▸ Required action
Copy exactly the lines of the data below, beginning with the line with "three-way handshake. (b) final ACK lost." and ending with the line with "38 reports bioresonance". Pictures are to be omitted.

[Opening Data for the task section]

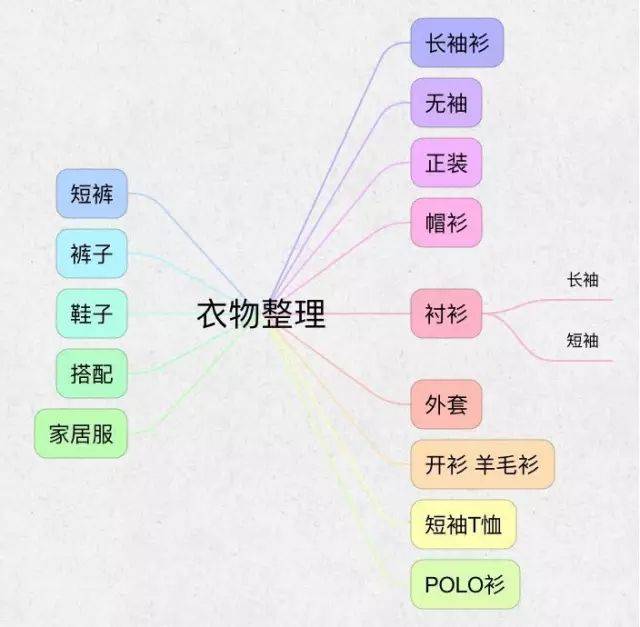 衣物收纳思维导图图片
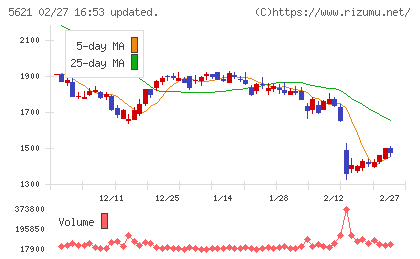 ヒューマンテクノロジーズチャート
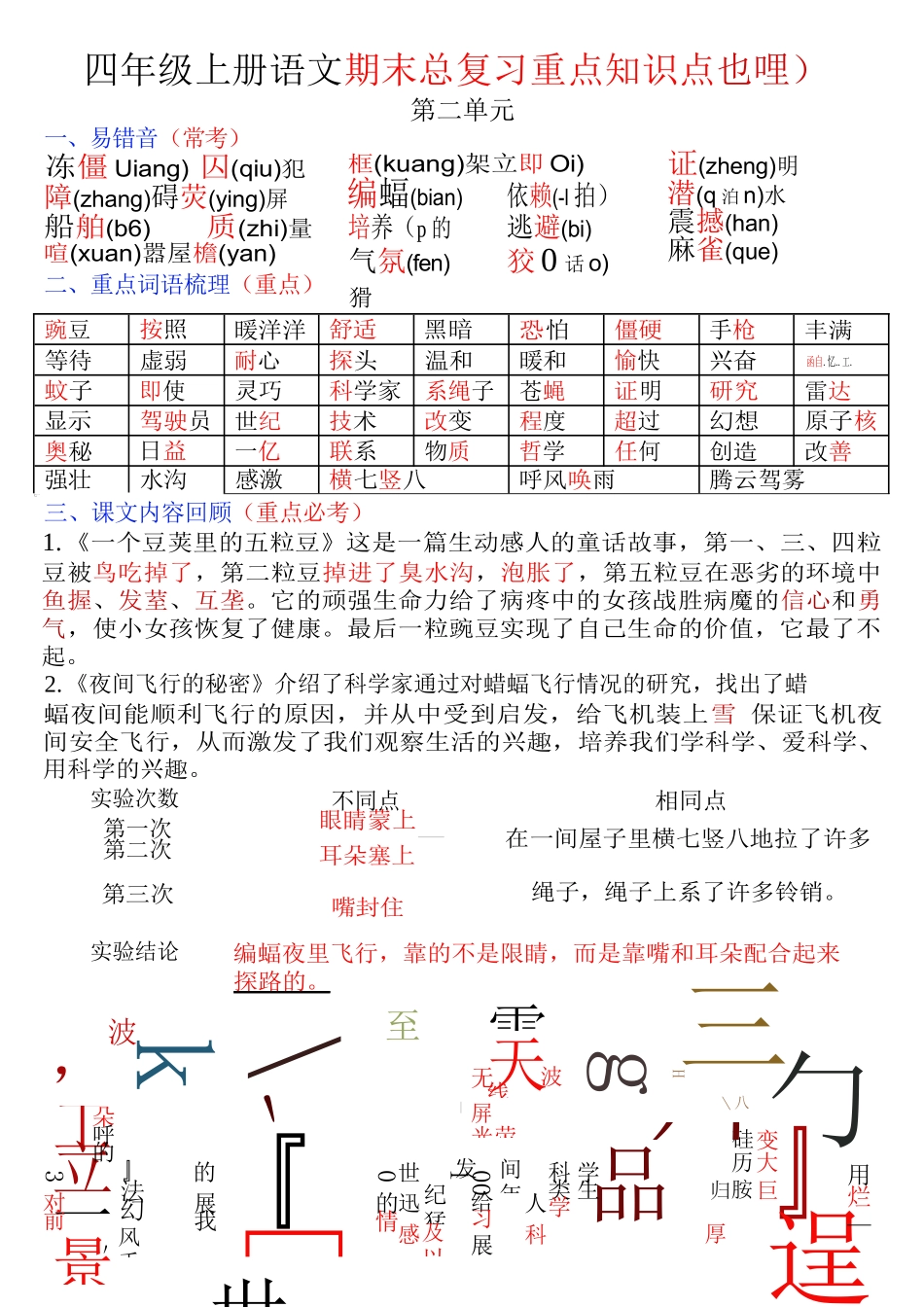 四年级上册语文期末复习重点知识点（必背）_第3页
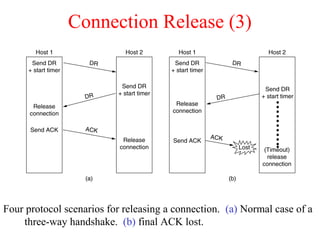 Connection Release (3)
Four protocol scenarios for releasing a connection. (a) Normal case of a
three-way handshake. (b) final ACK lost.
6-14, a, b
 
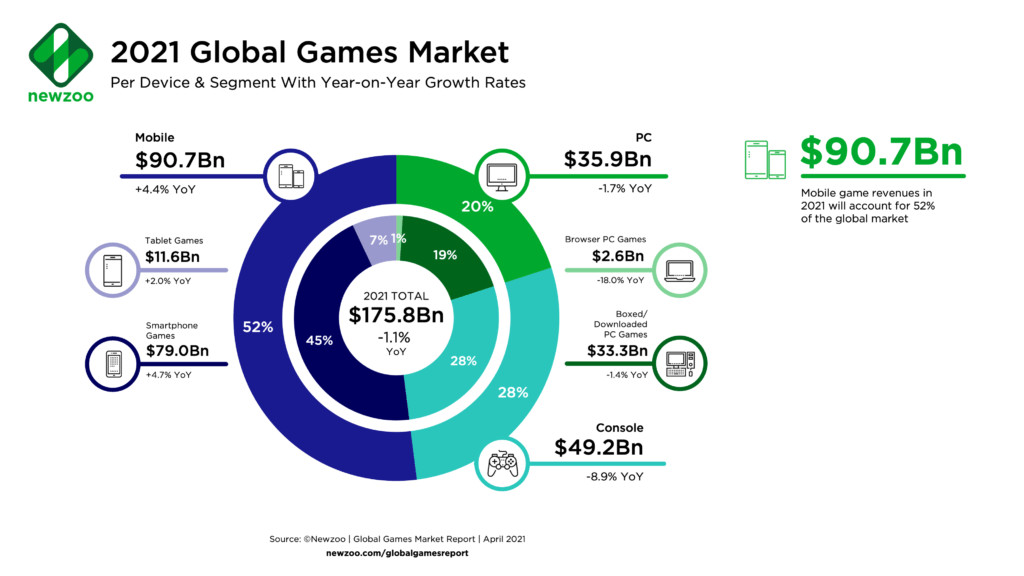GameFi là gì? Sự kết hợp giữa Defi, NFT và blockchain game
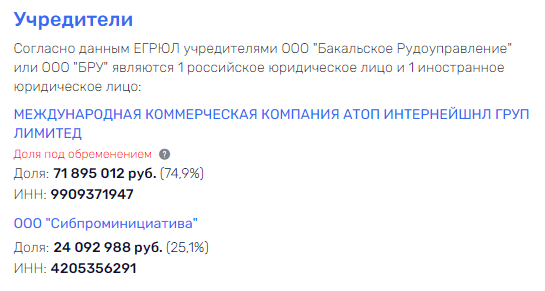 Шацилло от жадности на виргинских островах угля нет, зато есть деньги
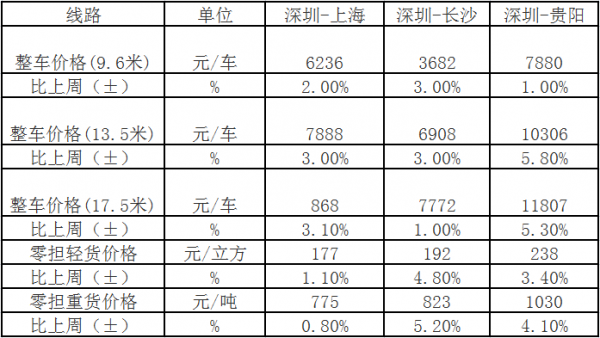 中国公路物流运价周指数报告（2015.07.31）.png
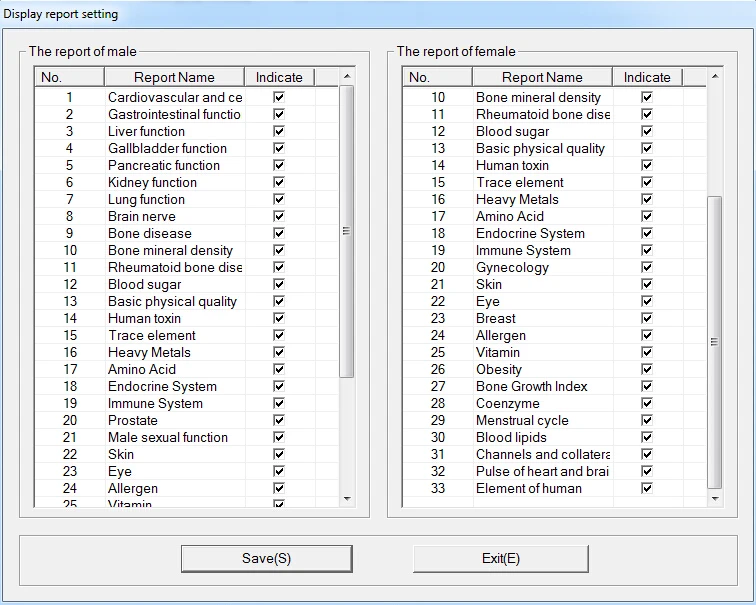
38 reports bioresonance magnetic quantum analyzer 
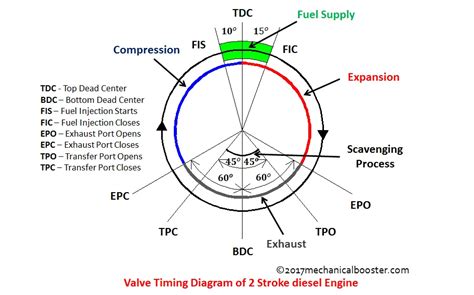 Valve Timing Diagram 2 Stroke Diesel Engine Mechanical Booster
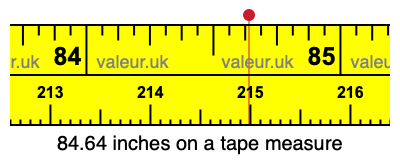 84.64 inches on a tape measure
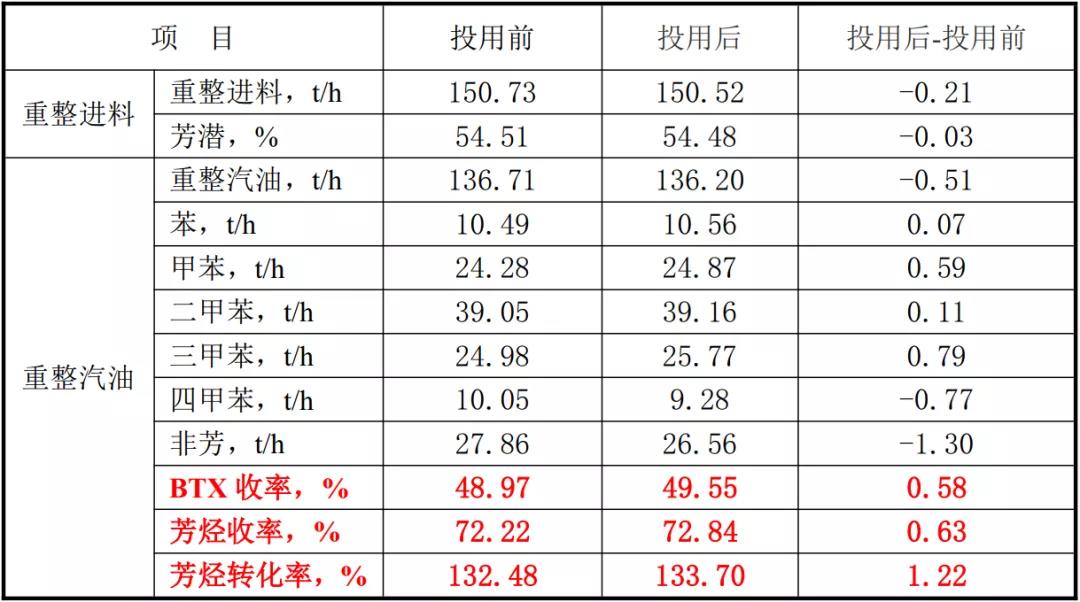 中海油首套重整装置实时在线闭环优化(RTO)项目成功验收 中海油首套重整装置实时在线闭环优化(RTO)项目成功验收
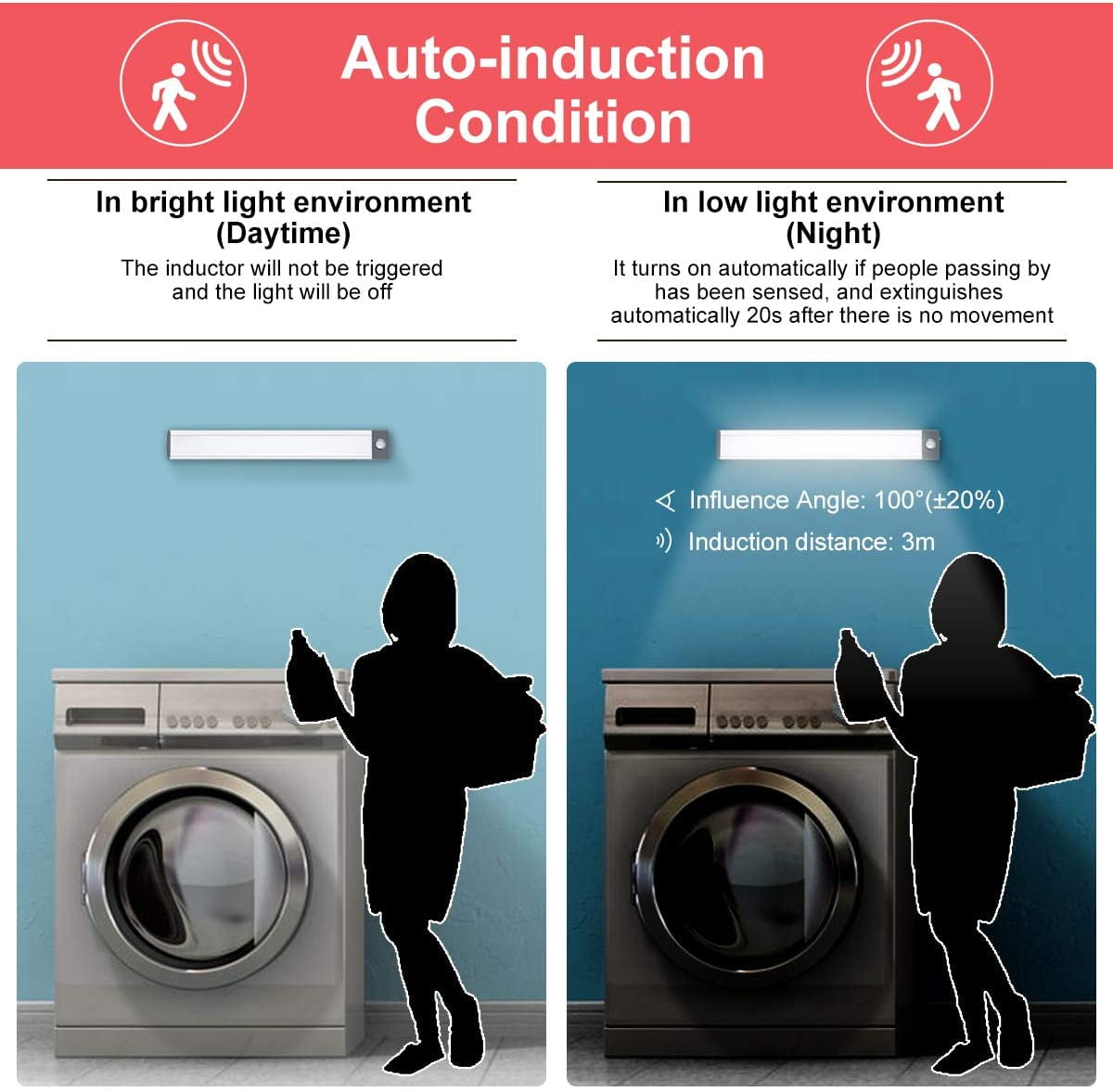 30-LED Motion Sensor Cabinet Light,Magnetic Motion Activated Under Counter Closet Lighting, Wireless USB Rechargeable Kitchen Cupboard Night Lights,Motion Activated Light Bar-2Pack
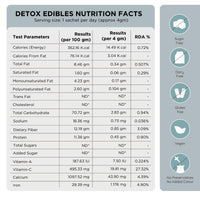Mul Secrets Hydrate: Skin Hydration Care (Face Mask + Nutrition Drink)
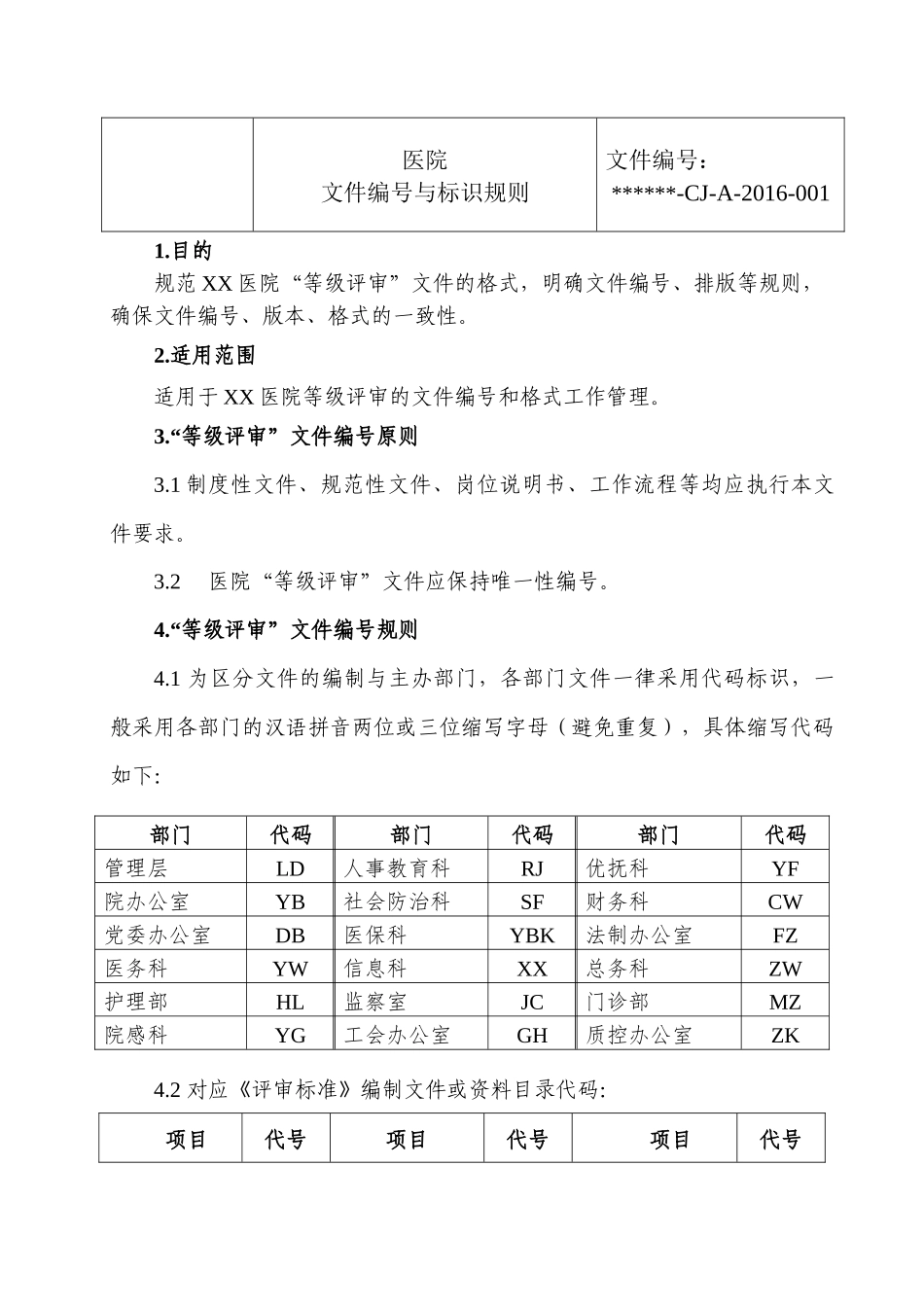 医院文件编号与标识规则_第1页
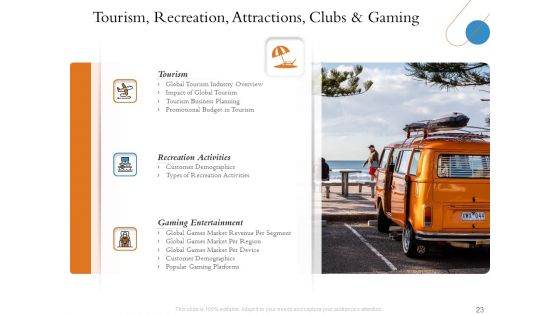 Overview Of Hospitality Industry Ppt PowerPoint Presentation Complete Deck With Slides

[Closing Data for the task section]

▸ Output of the task
three-way handshake. (b) final ACK lost.
6-14, a, b
 
GameFi là gì? Sự kết hợp giữa Defi, NFT và blockchain game
 Шацилло от жадности на виргинских островах угля нет, зато есть деньги
 中国公路物流运价周指数报告（2015.07.31）.png
38 reports bioresonance magnetic quantum analyzer 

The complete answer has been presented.